El arte de pensar la verdad

 

“El pensar bien consiste: o en conocer la verdad o en dirigir el entendimiento por el camino que conduce a ella. La verdad es la realidad de las cosas. Cuando las conocemos como son en sí, alcanzamos la verdad; de otra suerte, caemos en error.

 Si deseamos pensar bien, hemos de procurar conocer la verdad, es decir, la realidad de las cosas. ¿De qué sirve discurrir con sutileza, o con profundidad aparente, si el pensamiento no está conforme con la realidad?

 Echase, pues, de ver que el arte de pensar bien no interesa solamente a los filósofos, sino también a las gentes más sencillas. El entendimiento es un don precioso que nos ha otorgado el Creador, es la luz que se nos ha dado para guiarnos en nuestras acciones; y claro es que uno de los primeros cuidados que debe ocupar al hombre es tener bien arreglada esta luz. Si ella falta, nos quedamos a obscuras, andamos a tientas, y por este motivo es necesario no dejarla que se apague. No debemos tener el entendimiento en inacción, con peligro de que se ponga obtuso y estúpido, y, por otra parte, cuando nos proponemos ejercitarle y avivarle, conviene que su luz sea buena para que no nos deslumbre, bien dirigida para que no nos extravíe.

 El primer medio para conocer la verdad: la atención.

 La atención es la aplicación de la mente a un objeto. El primer medio para pensar bien es atender. La segur no corta si no es aplicada al árbol; la hoz no siega si no es aplicada al tallo. Algunas veces se le ofrecen los objetos al espíritu sin que atienda; como sucede ver sin mirar y oír sin escuchar; pero el conocimiento que de esta suerte se adquiere es siempre ligero, superficial, a menudo inexacto o totalmente errado. Sin la atención estamos distraídos, nuestro espíritu se halla, por decirlo así, en otra parte, y por lo mismo no ve aquello que se le muestra. Es de la mayor importancia adquirir un hábito de atender a lo que se estudia o se hace, porque, si bien se observa, lo que nos falta a menudo no es la capacidad para entender lo que vemos, leemos u oímos, sino la aplicación del ánimo a aquello de que se trata.

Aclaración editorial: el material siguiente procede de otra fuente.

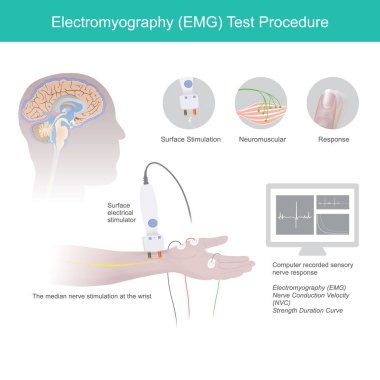 Electromyography Test Procedure. clipart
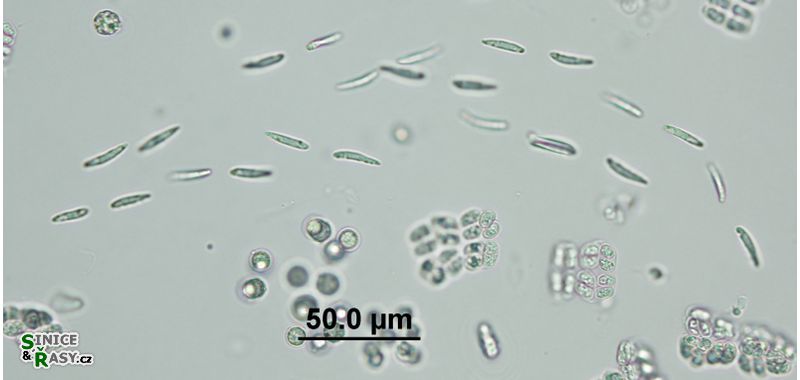 Elakatothrix genevensis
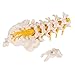 3B Scientific A76/5 Lumbar Spinal Column with Dorso-Lateral Prolapsed Intervertebral Disc, 13.4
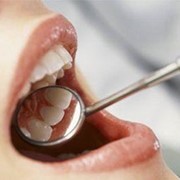 Стоматологические услуги в Киеве, услуги стоматолога, лечение зубов, обследование зубов фото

 Se nos refiere un suceso, pero escuchamos la narración con atención floja, intercalando mil observaciones y preguntas, manoseando o mirando objetos que nos distraen; de lo que resulta que se nos escapan circunstancias interesantes, que se nos pasan por alto cosas esenciales, y que al tratar de contarle a otros o de meditarle nosotros mismos para formar juicio, se nos presenta el hecho desfigurado, incompleto, y así caemos en errores que no proceden de falta de capacidad, sino de no haber prestado al narrador la atención debida.

 Un espíritu atento multiplica sus fuerzas de una manera increíble; aprovecha el tiempo atesorando siempre caudal de ideas; las percibe con más claridad y exactitud, y, finalmente, las recuerda con más facilidad, a causa de que con la continua atención éstas se van colocando naturalmente en la cabeza de una manera ordenada.  Los que no atiendan sino flojamente, pasean su en entendimiento por distintos lugares a un mismo tiempo; aquí, reciben una impresión; allí, otra muy diferente; acumulan cien cosas inconexas que, lejos de ayudarse mutuamente para la aclaración y retención, se confunden, se embrollan y se borran unas a otras. No hay lectura, no hay conversación, no hay espectáculo, por insignificantes que parezcan, que no nos puedan instruir en algo. Con la atención notamos las preciosidades y las recogemos; con la distracción dejamos, quizá, caer al suelo el oro y las perlas como cosa baladí.

 Tan lejos estoy de considerar la atención como abstracción severa y continuada, que, muy al contrario, cuento en el número de los distraídos no sólo a los atolondrados, sino también a los ensimismados. Aquéllos se derraman por la parte de afuera; éstos divagan por las tenebrosas regiones de adentro; unos y otros carecen de la conveniente atención que es la que se emplea en aquello de que se trata".

Jaime Balmes, El Criterio, Cap. 1, 2.